How This Ex-Con Started From Nothing to Build a 7-Figure Business Ten years behind bars was an odyssey of dedication and perseverance, study and faith. Life afterward was just as challenging.
By Daniel Marlin Edited by Dan Bova
Opinions expressed by Entrepreneur contributors are their own.
Your sentence doesn't end when you leave prison. No doubt you spent years reflecting on your bad decisions while in penitentiary, but the consequences of your actions stay with you forever.
That's what 18-year-old Mike Pisciotta found out the hard way. After taking near-fatal amounts of Xanax, when doctors said it was a miracle he was still alive, Pisciotta awoke two days later in a prison cell. He'd robbed two stores and would spend the next 10 years in the Florida Correctional System.
To most it would seem life was over. Your hopes and ambition would pass you by, and you'd never be able to escape the stigma of your criminal record. A decade of confinement would be followed by a lifetime of discrimination, making it almost impossible to find a job.
But Pisciotta didn't allow himself to fall victim to circumstance. Prison would take 10 years of his freedom, but he didn't let it take 10 years of his life. Here's how he used prison to kick-start his entrepreneurial journey and lay the foundation for a seven-figure consulting business.
Ambition without skill is useless.
As someone with a natural aversion to authority, Pisciotta realized his only chance of success lay in self-employment. Instead of spending his prison years in silent apprehension, he applied himself in the library, learning everything there was to know about management, marketing and entrepreneurship.
He immersed himself in works like E-Myth Revisited by Michael Gerber. He studied the Bible avidly, and he dedicated time to learning new languages. However, his attempts at self-improvement were constantly undermined and ridiculed.
"I felt like a crab desperately fighting to get out of a bucket. And all of the other crabs… the inmates and the officers were desperately fighting to pull me back in. Officers would shake down my cell and confiscate any books that I didn't have a receipt for. And they'd do this purely out of spite," says Pisciotta.
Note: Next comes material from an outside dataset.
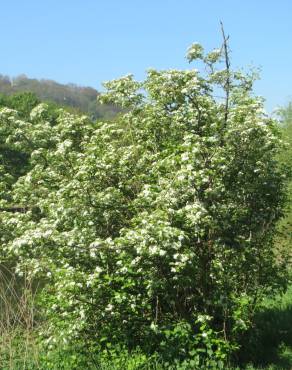 Fotografia 8 da espécie Crataegus laevigata no Jardim Botânico UTAD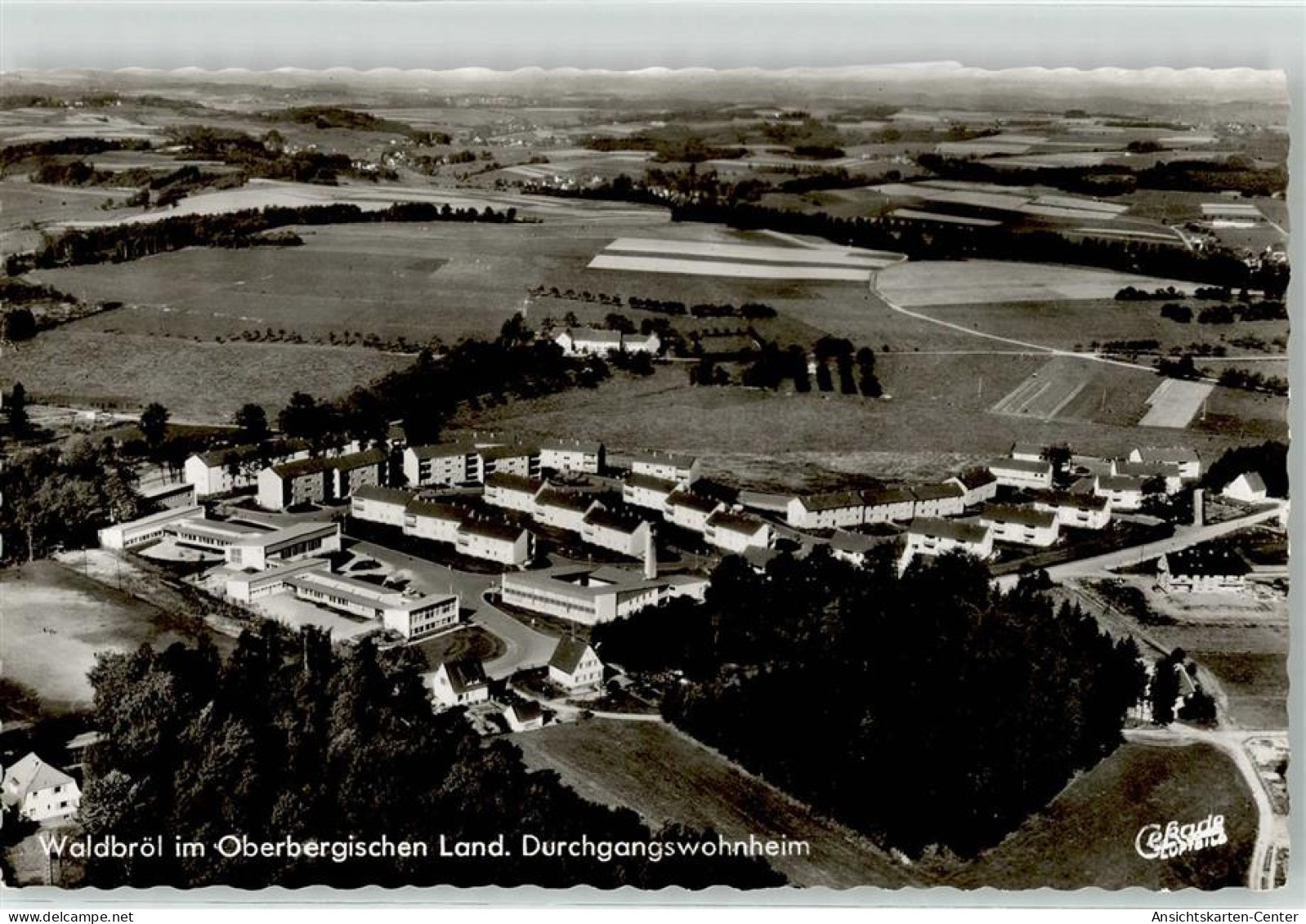 52159028 - Waldbroel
It was a negative environment that he had to fight against everyday. Each time he tried to raise himself up, the people around him were waiting to pull him back down again. Constant hostility and discrimination made attempts at self-improvement virtually impossible.
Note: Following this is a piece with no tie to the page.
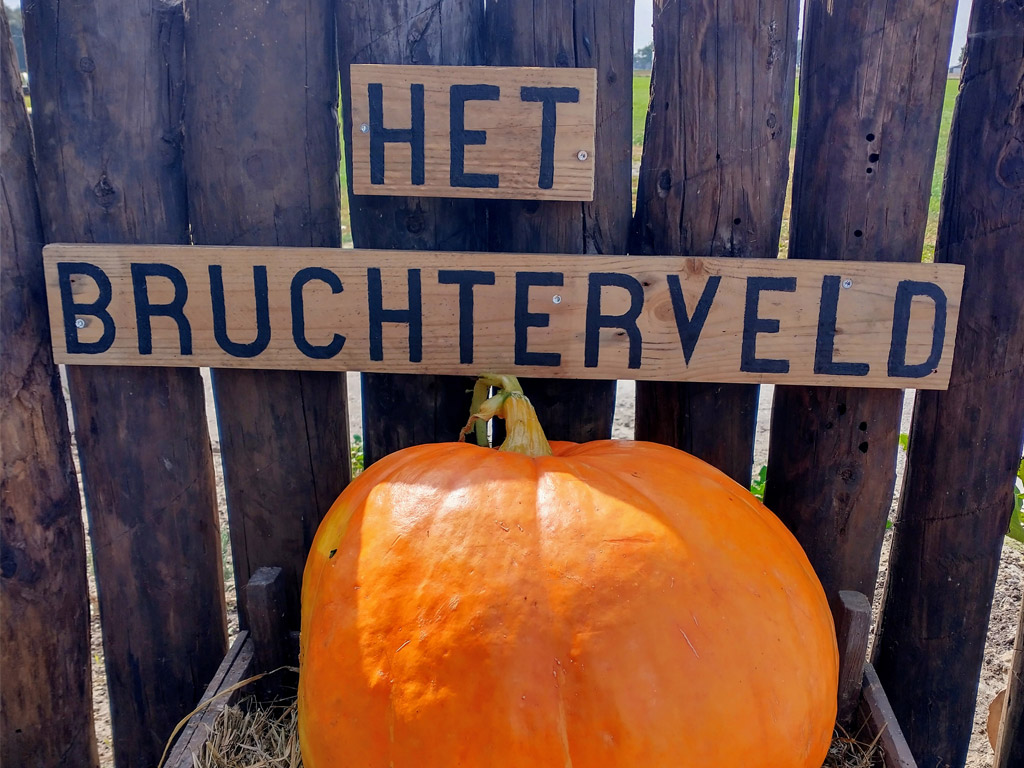 Het Bruchterveld 6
Learning is easier with a study partner.
Things began to change a few years into his sentence when Pisciotta met a man named Tyrone, a fellow inmate. Both were on a mission to turn their lives around and he was intrigued by Tyrone's commitment to studying, and even more so by his affinity for languages. The two stuck together and after several months of practicing routinely, Pisciotta became fluent in Spanish.
"I eventually developed my own system for teaching Spanish and I actually began charging guys for lessons. I was paid with Ramen noodle soups and tuna packets because we weren't allowed money in prison. About 50 percent of those guys left learning a new language. I was totally blown away by it," Pisciotta says.
He describes these Spanish lessons as his first entrepreneurial experience. Not only was he able to master a new skill quickly, but he was able to teach and profit from it in an environment where inmates didn't respect or value other people's time.
"Teaching inmates had its challenges." says Pisciotta, "Yes I was making money, but I also attracted a lot of negative attention from people who frowned on attempts at self-improvement. My constant learning was often interpreted as a statement that I thought I was better than everybody else. For the most part I brushed it off. I'd always been confident in my abilities, borderline arrogant. But I didn't learn new skills to show off, I learned them to stand a better chance of surviving life outside of prison after my release."
Related: How My Life as an Entrepreneur Shaped My Time in Prison
Despite the criticism, Pisciotta explains that he is proud of the impact his Spanish lessons have had on some of his close friends and fellow inmates. "Very few guys applied themselves the way they needed to in order to fully grasp a new language. There were also people who just couldn't learn no matter how hard they tried. But the ones who did apply themselves made it all worth it for me. It was awesome to see the sense of pride they had in their accomplishment. They achieved something that they never thought they could before, and I was glad to be a part of that."
Pisciotta has stayed in touch with many of his prison mates since his release, including Jason Nelson, a friend and past student who spoke at his wedding. However despite multiple attempts to reconnect, he has been unable to contact or track down his former mentor and teacher Tyrone.
Overcoming adversity alone is nearly impossible.
It's difficult to overcome adversity. But it's even harder when you try to do it alone. Fortunately for Pisciotta, he had a helping hand.
Robin was a local church youth leader with a popular radio show called "Soul Jams." As a fervent Christian himself, Pisciotta would tune into her station on a Friday night, and before long her words were a regular fixture behind the Brevard County prison walls.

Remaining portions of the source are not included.